You can apply anytime between 62 and 70, but your Full Retirement Age is what determines if you are applying early or late.

Your Date of Birth is Critical

 If you were born between 1943 and 1954 your Full Retirement Age is 66. If you were born 1960 or later, your FRA is 67. If you were born 1955-1959, the age goes up two months for every year. I was born in 1956. My FRA is 66 and four months.

Advantages of Waiting until Full Retirement Age

There are advantages to waiting until your FRA.

  1. Your payment amount is higher. If you begin collecting before your FRA, your payment will be decreased as much as 30%. If your payment were to be $2,000 at FRA, at 62 it would go down to $1,400. This change is permanent unless you withdraw your application.
  1. After FRA you can suspend your benefits and reinstate them anytime you like. While suspended you accumulate Delayed Retirement Credits which can increase your benefit 8% per year for every year that you are not collecting.
  1. If you work, you can earn as much as you like without penalty after your FRA. Between 62 and your FRA, you can earn up to $16,920 per year without penalty. After reaching that limit, you pay $1 for every $2 earned. Whether or not you are going to work is a big factor in deciding when to apply for benefits. Many opt to wait until their FRA to avoid the penalties.
  1. The amount of your Social Security payment is based on your 35 highest earning years. For most of us, the later years of our careers are our highest paying ones. When you continue to work, Social Security will replace earlier low earning years with current higher earning ones. This can have a significant positive impact on your monthly payment amount.
  1. Another advantage to waiting until after your FRA is the retroactive payment. If you wait to apply until after your FRA, you can receive up to six months in retroactive payments. Beware though that if you do, you will lose any Delayed Retirement Credits earned during those six months.

Is it Worth It to Wait?

 For many of us, it is beneficial in the long run to wait until your Full Retirement Age to begin collecting Social Security. Whether or not it’s best for you depends on your life situation.

Can you pay your bills? Do you need the money now? Can you afford to wait?

Do you want to have extra income to enjoy life during the very valuable years between 62 and 66? Many retirees want to travel, play sports, or spend time with their grandchildren while they are fit and able.
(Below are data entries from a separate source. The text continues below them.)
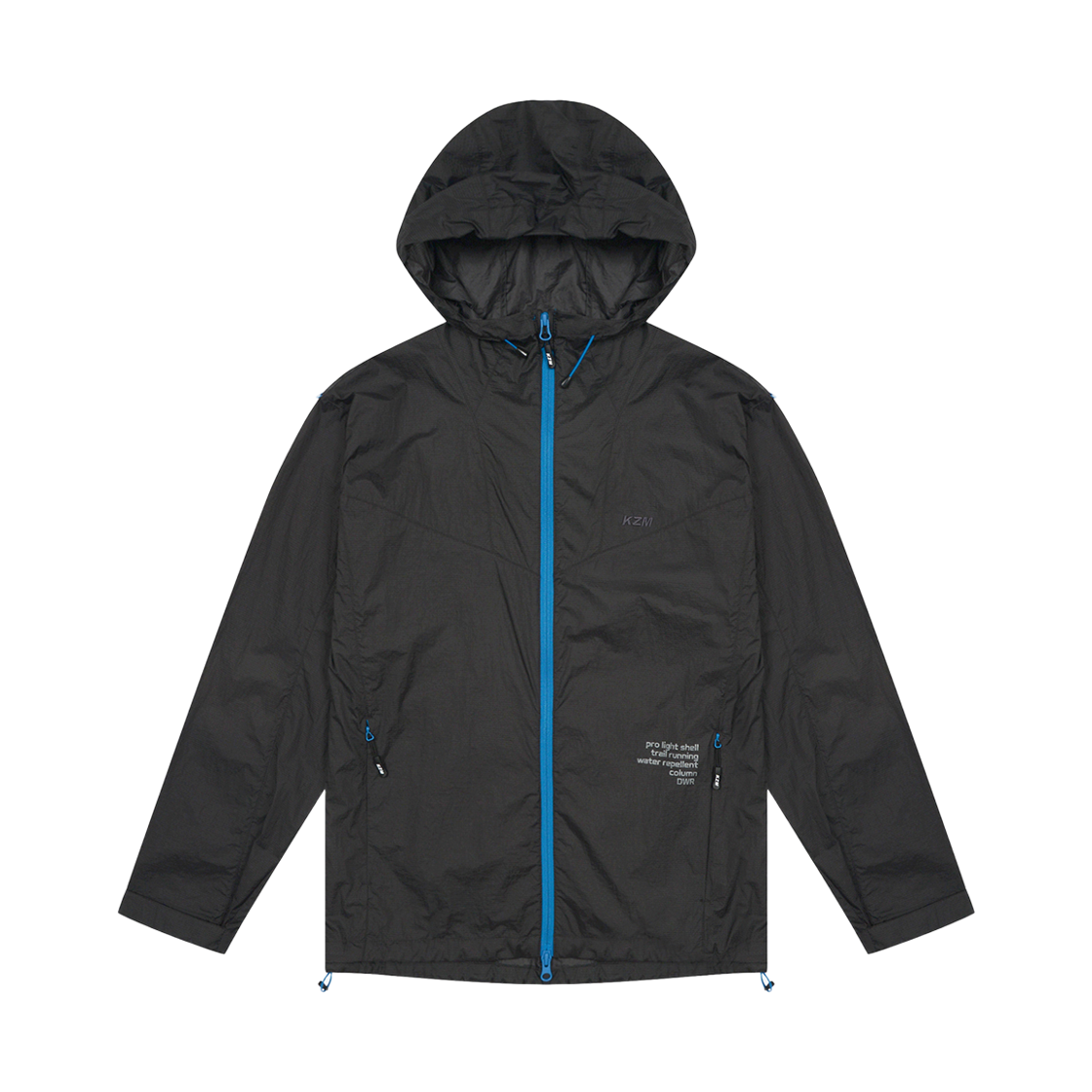 케이지엠 패커블 립스탑 경량 바람막이 차콜(KZM Packable Lipstop Lightweight Windbreaker Charcoal) - 1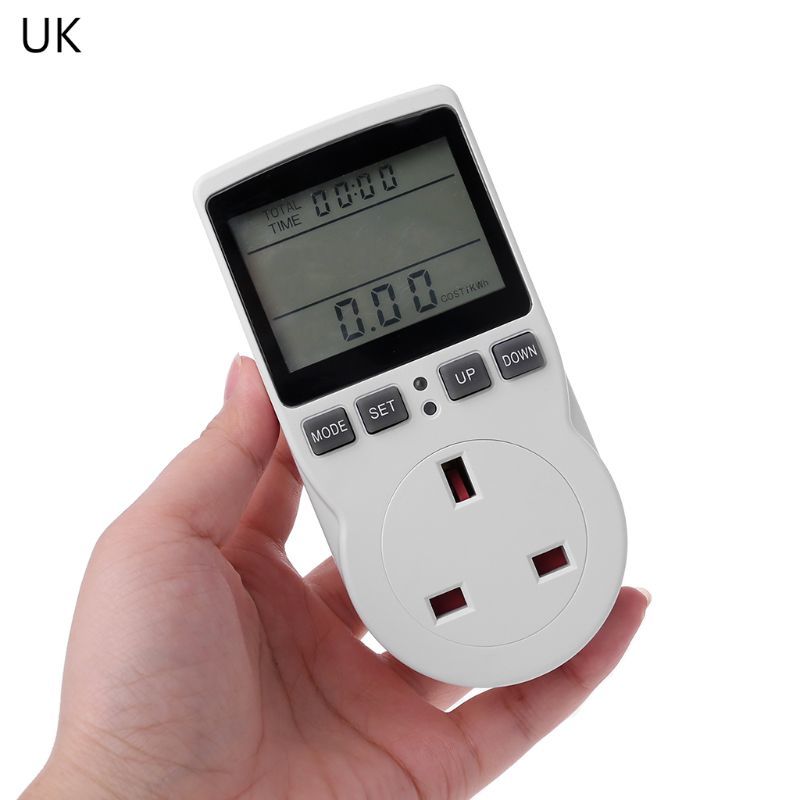 Digital Power Meter Socket Eu/Us/Uk Plug Energy Meter Current Voltage Watt Electricity Cost Meter Monitor Power Analyser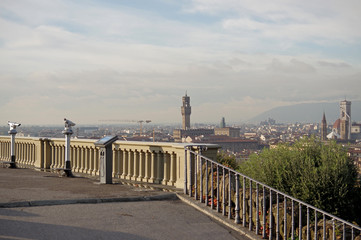 Fototapeta na wymiar Michelangelo Square in Florence, Italy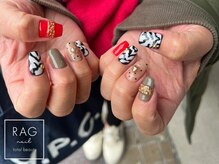 ラグ ネイル(RAG nail)/アートネイル/アートデザイン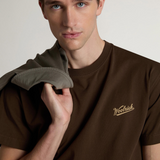 T-Shirt in puro cotone con logo CFWOTE2010MRUT5334 10026 WOOLRICH Slate black 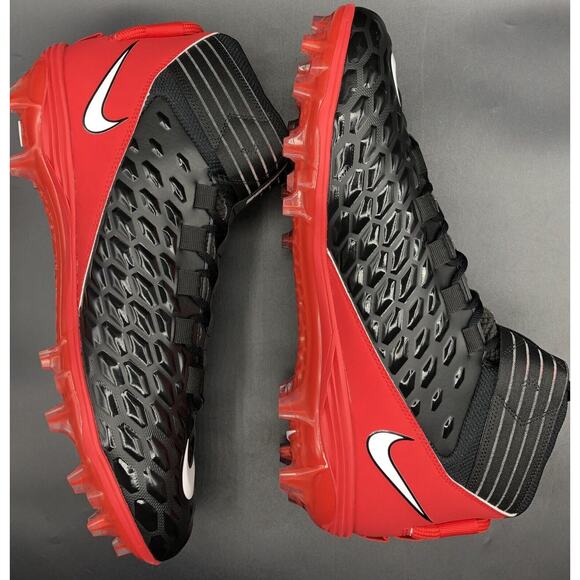 Nike PE Force Savage Pro 2 P Men's Sz 16 Football Cleats Black/Red BV3969-014 - Picture 2 of 10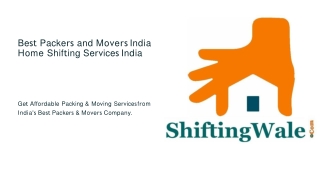 ShiftingWale - Best Movers & Packers in India-converted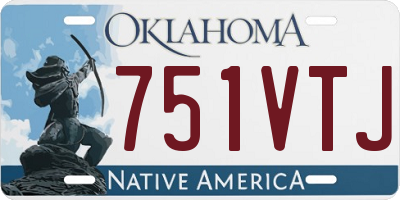 OK license plate 751VTJ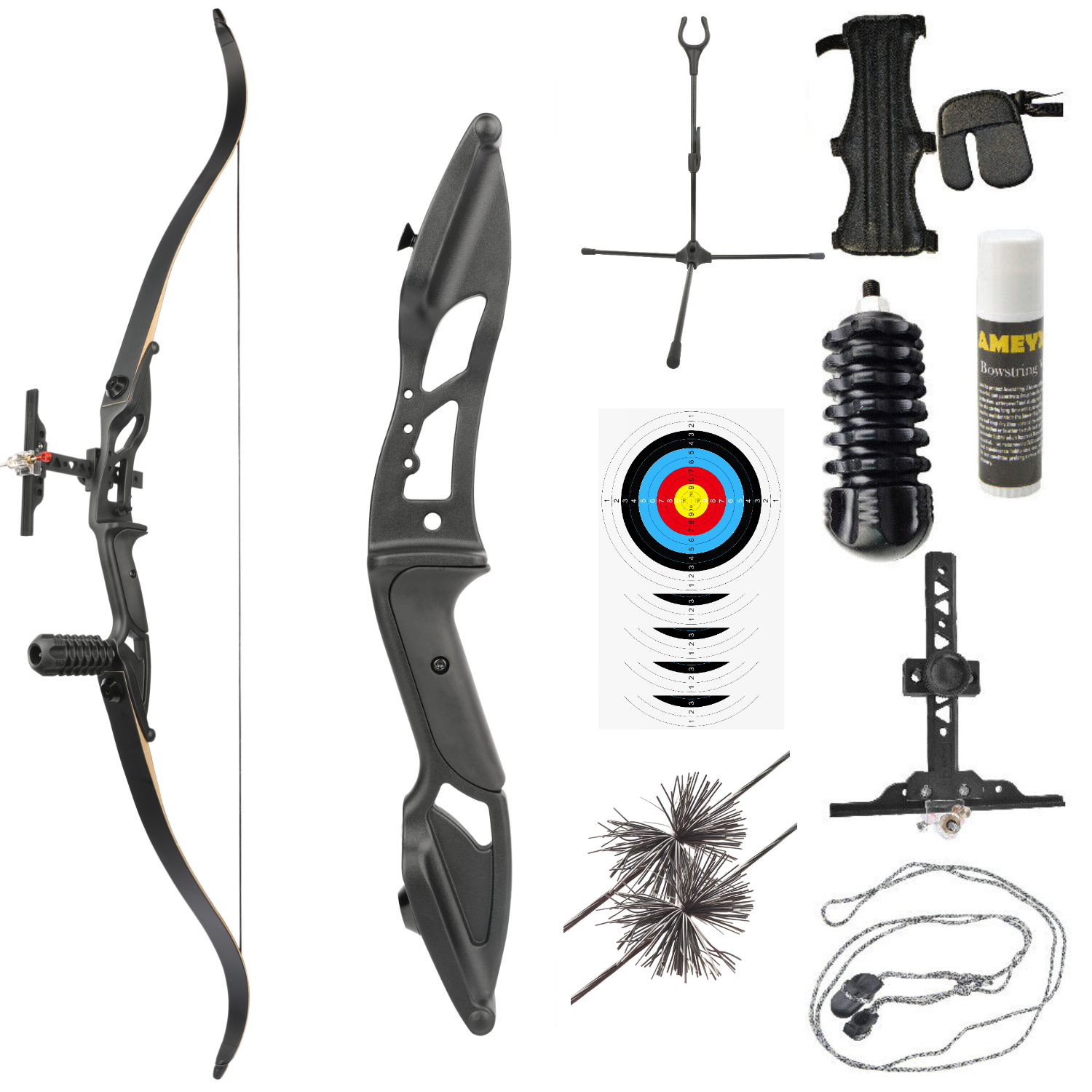 JUNXING Archery F179 Hunting Recurve Bow Set 56'' 30-50 lbs for Adult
Do you have adequate funds for the future if you take a lower payment?

If you are working and want to continue to do so, depending on the amount of your income, it may be to your financial advantage to wait.

There’s no one-size-fits-all answer. Each of us must consider the facts (no lying) of our personal situation. Knowing your Full Retirement Age and what it means is necessary to make the right decision for you.